Chaudhary said that corporate tax rates have been gradually reduced over the years since 2016 to promote growth, boost investment and create more job opportunities. At the same time, exemptions and incentives available to the corporates have also been phased out to simplify the tax system.

The Finance Act, 2016, reduced corporate tax rates to 29 per cent of the total income. Then, under the Finance Act, 2017, the corporate tax rates were reduced to 25 per cent of the total income to inter alia make smaller domestic companies having an annual turnover of Rs 50 crore more viable and to encourage firms to migrate to the company format. Similarly, in 2019, corporate tax rates were reduced to 22 per cent.

Vide the Finance Act, 2024, tax rates have been reduced from 40 per cent to 35 per cent on the income of foreign companies (other than that chargeable at special rates) to promote investment and employment.

The minister highlighted that the tax base over the years has increased, which can be attributed to several legislative, administrative and enforcement measures taken by the government to improve voluntary compliance and widen the tax net.

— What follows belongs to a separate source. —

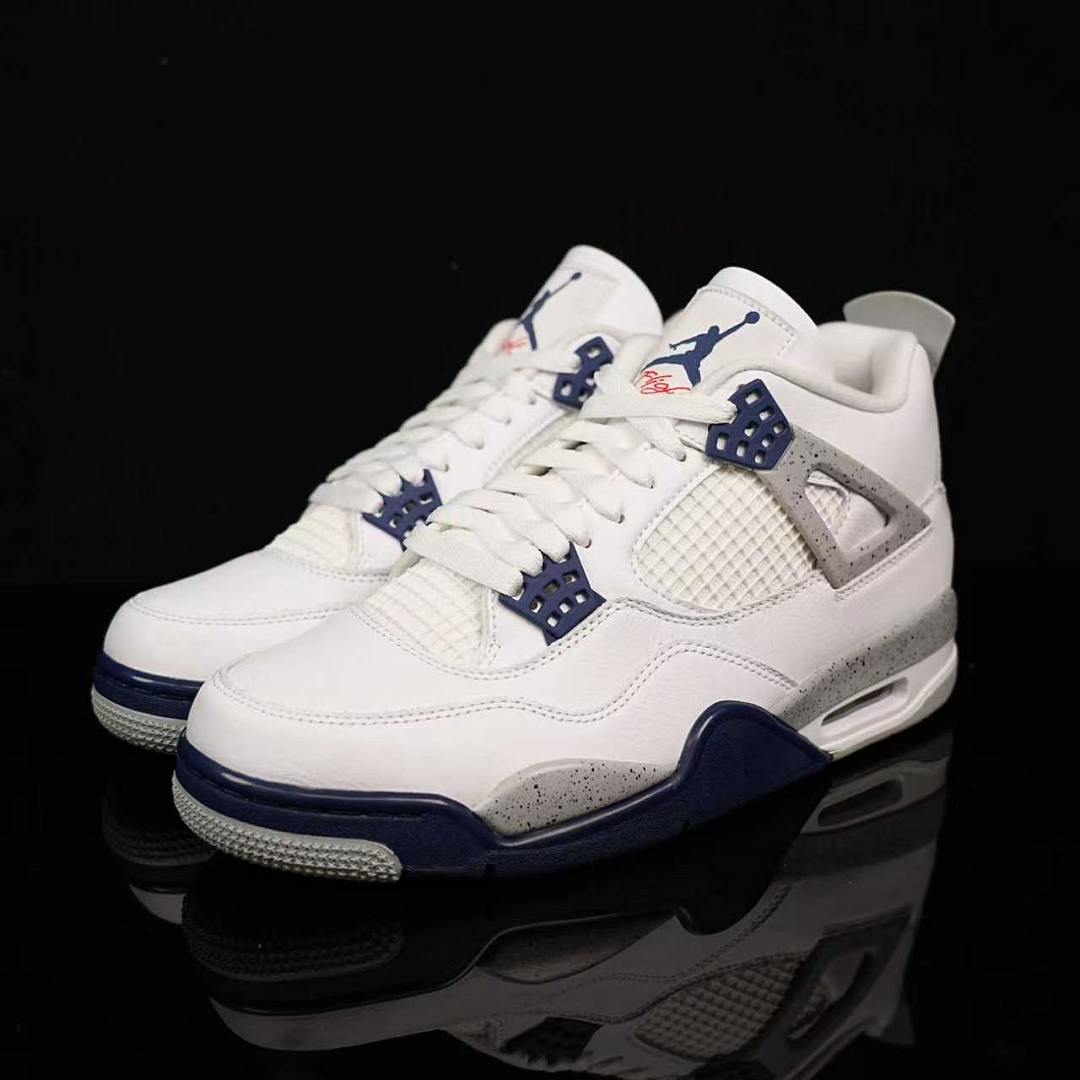 AJ4 Retro Midnight Navy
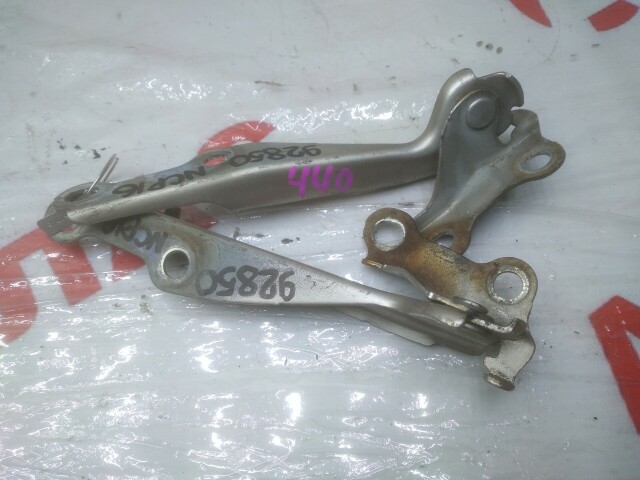 Кронштейны капота TOYOTA Platz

These include NUDGE (Non-intrusive usage of data to guide and enable) taxpayer campaigns to improve the compliance ecosystem and to assist taxpayers in reviewing their ITRs and correcting mistakes, if any, by filing revised ITRs.

Expansion of the scope of provisions of TDS and TCS to cover more types of financial transactions, expansion and strengthening of third-party financial transaction reporting to obtain a wider range of data to identify tax evasion or under-reporting of income were other measures taken in this regard.

Besides, the implementation of the non-filers monitoring system (NMS) to identify potential taxpayers on the basis of third-party data and mandatory quoting of PAN and linking of PAN and Aadhaar helped to expand the tax base.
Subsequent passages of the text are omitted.